Le puzzle game indé est un genre en pleine saturation, l’abondance de l’offre étouffe aussi bien les développeurs que les joueurs, on en a ras le bundle, au point qu’on ne les installe même plus. Tetrobot & Co. est noyé dans la masse des sorties, un de plus parmi tant d’autres pourrait-on croire. En demandant à Swingswing Submarine — dont je n’ai pas fait le précédent jeu, Blocks That Matter, encore un puzzle game de plus ! — un code d’essai, je n’y croyais pas. J’allais y jouer 30 minutes et passer à autre chose. Je suis entré à reculons, prêt à soupirer "encore", à me froisser à la moindre contrariété, à me prendre la porte en pleine gueule avec en outre le mépris des développeurs — "Vous ne comprenez pas ? Mais c’est simplissime pourtant...", bref à lâcher l’affaire dès que possible.
Et puis, non, ce n’est pas comme ça Tetrobot, je me suis trompé. La porte est restée ouverte, on se surprend à progresser d’une énigme à l’autre sans heurt ou presque. Lorsque tout d’un coup ça coince, on ne désespère pas, la solution est toute proche, on l’a au bout de la souris. On tâtonne, on croit y parvenir, on n’avait pas vu venir l’obstacle, le piège géométrique, on s’enferme, on recule pour mieux sauter, parfois on arrête et on se dit que ça passera le lendemain, et en effet on remet les choses à plat, ça glisse, ça percute et ça connecte, ça marche. Ca finit presque toujours par marcher. Au pire, quand vraiment ça ne passe pas, on avance tout de même, même sans utiliser la soluce sur Youtube : pas besoin de résoudre toutes les énigmes pour compléter le niveau. Tetrobot fait dans la pédagogie différenciée, dans l’exercice modulaire, qui stimule le premier de la classe sans désespérément larguer celui du fond qui se chauffe contre le radiateur. Je ne finirai sans doute pas le jeu à 100 %, mais je verrai tous les niveaux. J’y travaille, assidu, appliqué, faute d’être brillant élève.

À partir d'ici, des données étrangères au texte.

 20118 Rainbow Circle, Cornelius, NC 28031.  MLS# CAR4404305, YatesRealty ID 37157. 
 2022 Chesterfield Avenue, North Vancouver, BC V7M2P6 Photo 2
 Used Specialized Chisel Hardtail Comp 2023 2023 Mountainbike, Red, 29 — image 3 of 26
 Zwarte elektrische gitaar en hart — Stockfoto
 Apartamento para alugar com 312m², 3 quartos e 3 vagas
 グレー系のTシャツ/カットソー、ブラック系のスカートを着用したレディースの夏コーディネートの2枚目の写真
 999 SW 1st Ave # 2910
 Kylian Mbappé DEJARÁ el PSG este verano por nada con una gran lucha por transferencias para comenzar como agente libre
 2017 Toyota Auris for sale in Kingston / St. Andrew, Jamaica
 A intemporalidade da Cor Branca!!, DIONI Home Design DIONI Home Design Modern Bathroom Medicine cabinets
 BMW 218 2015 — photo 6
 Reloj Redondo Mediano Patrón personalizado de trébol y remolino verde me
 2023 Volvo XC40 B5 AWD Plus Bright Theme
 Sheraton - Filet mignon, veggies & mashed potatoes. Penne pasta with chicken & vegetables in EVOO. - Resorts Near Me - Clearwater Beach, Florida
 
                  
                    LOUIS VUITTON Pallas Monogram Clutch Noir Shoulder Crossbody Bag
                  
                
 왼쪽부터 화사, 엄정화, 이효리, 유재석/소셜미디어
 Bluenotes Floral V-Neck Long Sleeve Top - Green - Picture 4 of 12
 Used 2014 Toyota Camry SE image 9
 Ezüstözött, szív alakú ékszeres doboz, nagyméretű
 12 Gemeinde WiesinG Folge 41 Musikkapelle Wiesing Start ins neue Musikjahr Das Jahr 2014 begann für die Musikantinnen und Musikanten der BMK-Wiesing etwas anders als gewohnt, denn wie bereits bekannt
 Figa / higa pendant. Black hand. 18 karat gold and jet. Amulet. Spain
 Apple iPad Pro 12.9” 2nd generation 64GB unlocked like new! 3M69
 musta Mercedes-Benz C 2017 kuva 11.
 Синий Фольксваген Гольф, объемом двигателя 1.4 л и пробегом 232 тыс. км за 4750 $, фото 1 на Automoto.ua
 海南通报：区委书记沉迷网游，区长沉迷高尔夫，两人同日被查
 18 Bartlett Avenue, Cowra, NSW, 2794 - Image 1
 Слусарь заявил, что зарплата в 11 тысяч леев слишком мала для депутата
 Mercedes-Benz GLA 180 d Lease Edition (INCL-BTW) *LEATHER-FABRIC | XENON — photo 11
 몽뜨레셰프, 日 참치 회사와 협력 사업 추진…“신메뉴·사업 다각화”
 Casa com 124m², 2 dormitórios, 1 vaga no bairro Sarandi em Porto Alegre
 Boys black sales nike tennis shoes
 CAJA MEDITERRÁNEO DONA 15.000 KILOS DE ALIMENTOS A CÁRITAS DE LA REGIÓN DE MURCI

C’est qu’il faut être un rien bûcheur pour se frotter à l’animal. Il ne manque pas de piquant. Si l’on m’avait directement lâché, disons au troisième niveau, j’y aurais totalement perdu mon latin. Tetrobot & Co. est un univers de règles, parfois contre-intuitives, dans lequel on s’étonne de naviguer avec aisance. Alors c’est une histoire de blocs à saisir, seulement sur le côté, jamais par dessus ou par dessous. Pas intuitif, je vous disais, mais on s’y fait vite. Ces blocs se lancent, latéralement, jamais horizontalement. Ils glissent, et ne tombent que s’ils rencontrent un obstacle. Ils permettent d’activer des boutons, d’interrompre des rayons laser. Les blocs d’une même matière s’attachent entre eux. Ceux de bois prennent feu, ceux de sable se vitrifient avec la chaleur, on peut en balancer sur des monstres, et un côté devient collant, les monstres doivent être en Patafix. Il y a des aimants, des canons et des jeux de miroir, rien de totalement nouveau, mais tout cela fait système, un incroyable écosystème d’interactions, aux possibilités de combinaison qui me paraissent presque infinies, mais je ne suis pas game-designer, seulement un joueur admiratif, et qui s’admire lui-même de comprendre quelque chose alors que d’habitude non, vraiment il n’y voit goutte, mais là oui, ça paraît impossible et puis tout d’un coup c’est limpide.